(Pictures with short captions)
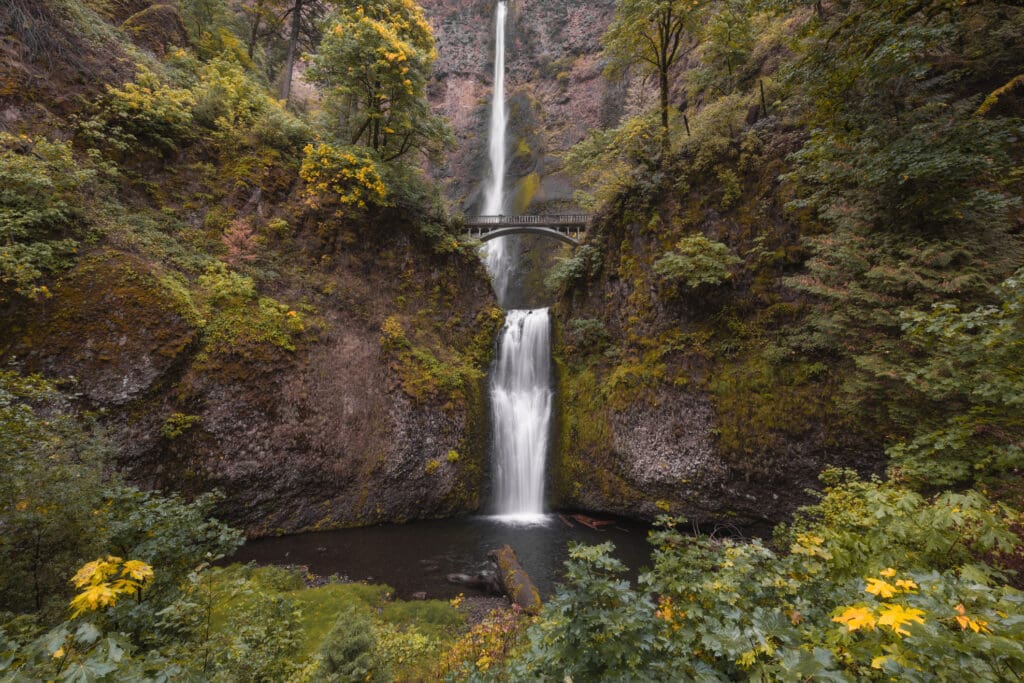 Image of Multnomah Falls in Columbia River Gorge
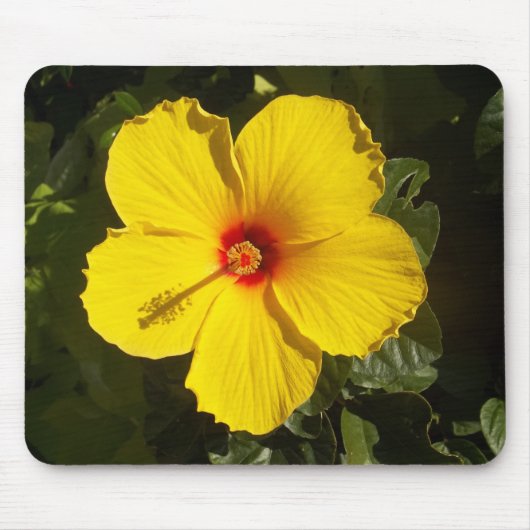 Tapis De Souris Fleur d'Hibiscus jaune (Devant)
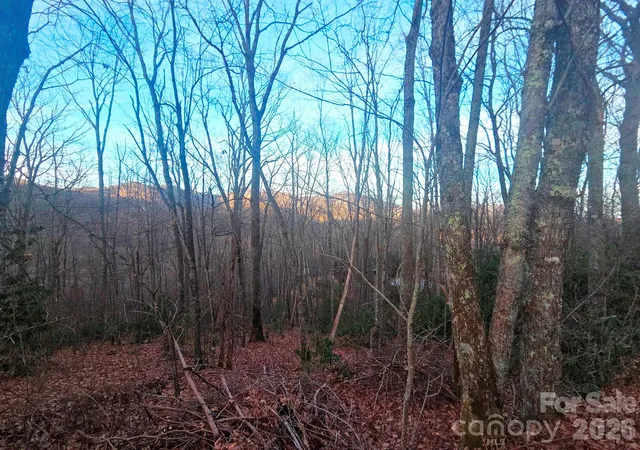Photo 3 of Land for sale at 10 Tall Oaks Dr #58A & 58B, Maggie Valley, NC 28751 | MLS# 4335104 | Listing updated on 2026-08-27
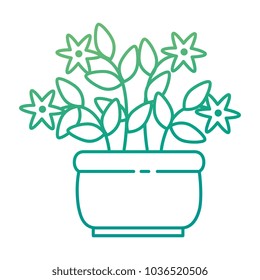 house plant in pot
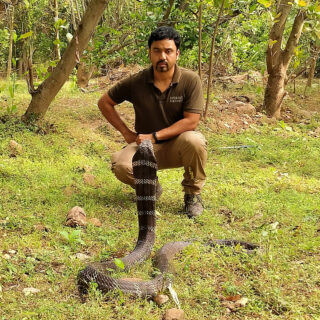 conservation partner and king cobra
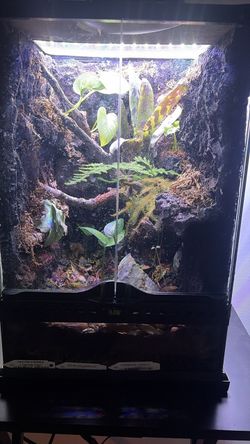 Backgrounds For Live Planted Bioactive Terrarium Vivarium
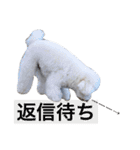 ぽぽ、ときどきジル（個別スタンプ：12）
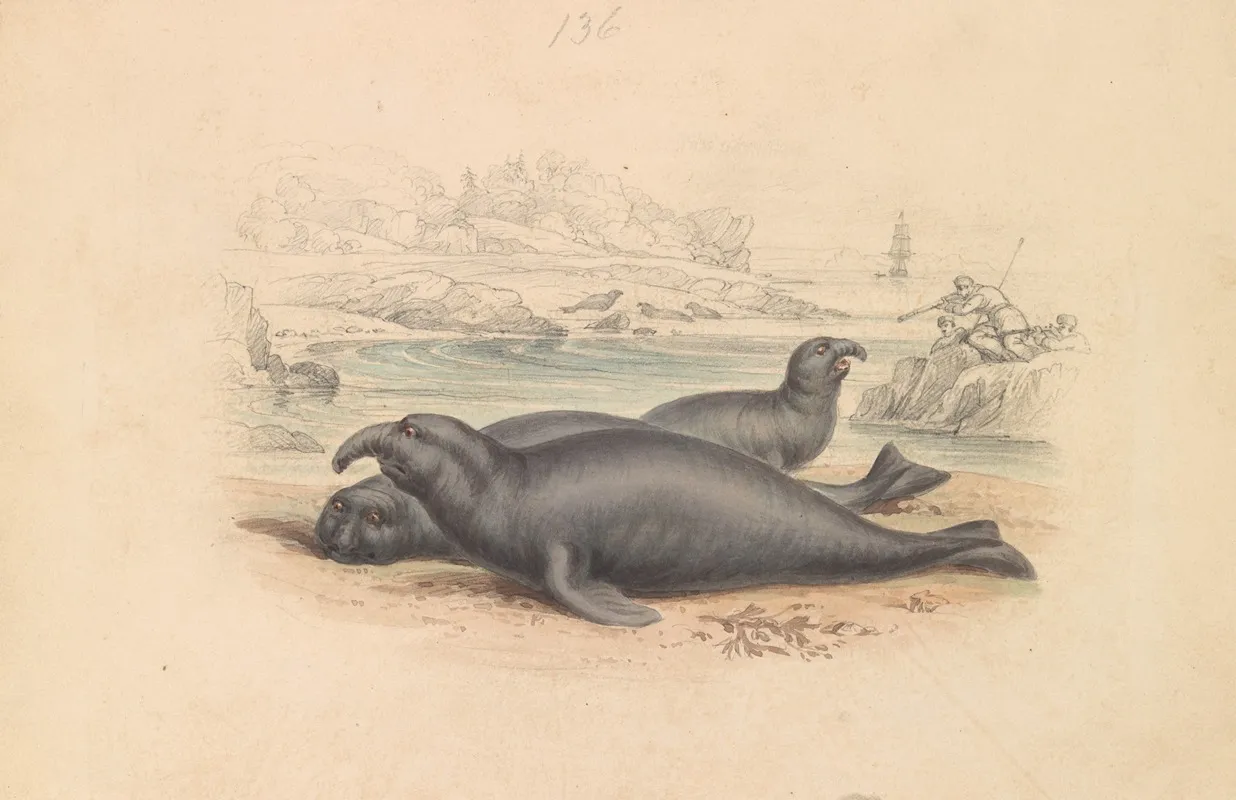 The Elephant Seal Wall Art by James Stewart - High-Resolution Digital Print
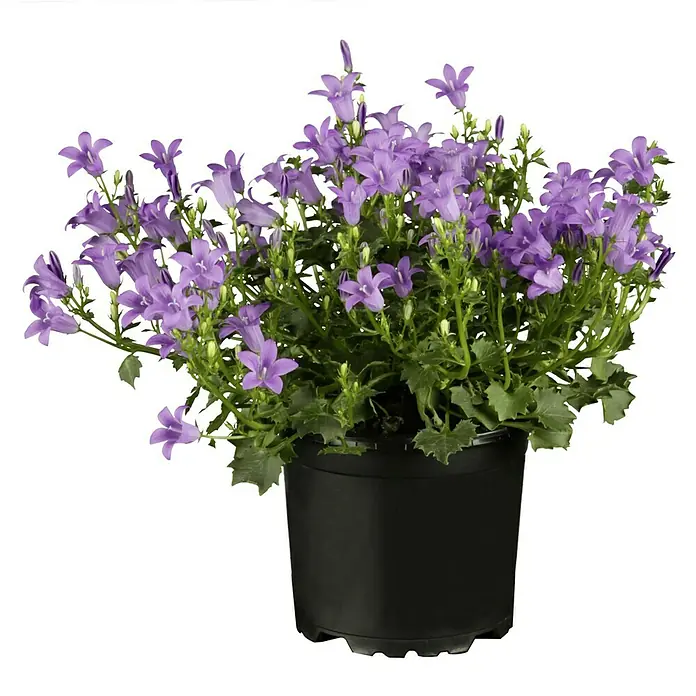 Piardino Polsterglockenblume - Topfgröße: 13 cm - Attraktive Glockenblume in einem schwarzen Topf. Die Pflanze hat lavendelfarbene, glockenförmige Blüten und üppiges grünes Laub.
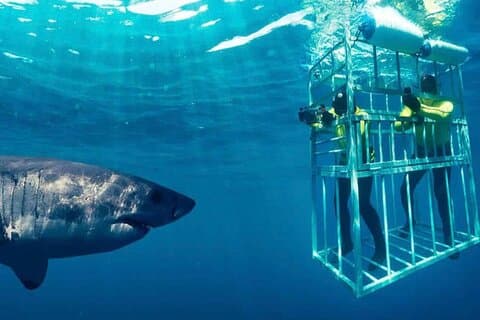 Full Day Shark Cage Diving Adventure in Cape Town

**ABOUT THIS EXERCISE:** From the entries above, write out every line without a single change, skipping the images.

**ANSWER SECTION:**
 Image of Multnomah Falls in Columbia River Gorge
 Tapis De Souris Fleur d'Hibiscus jaune (Devant)
Photo 3 of Land for sale at 10 Tall Oaks Dr #58A & 58B, Maggie Valley, NC 28751 | MLS# 4335104 | Listing updated on 2026-08-27
 house plant in pot
 conservation partner and king cobra
 Backgrounds For Live Planted Bioactive Terrarium Vivarium
 ぽぽ、ときどきジル（個別スタンプ：12）
 The Elephant Seal Wall Art by James Stewart - High-Resolution Digital Print
 Piardino Polsterglockenblume - Topfgröße: 13 cm - Attraktive Glockenblume in einem schwarzen Topf. Die Pflanze hat lavendelfarbene, glockenförmige Blüten und üppiges grünes Laub.
 Full Day Shark Cage Diving Adventure in Cape Town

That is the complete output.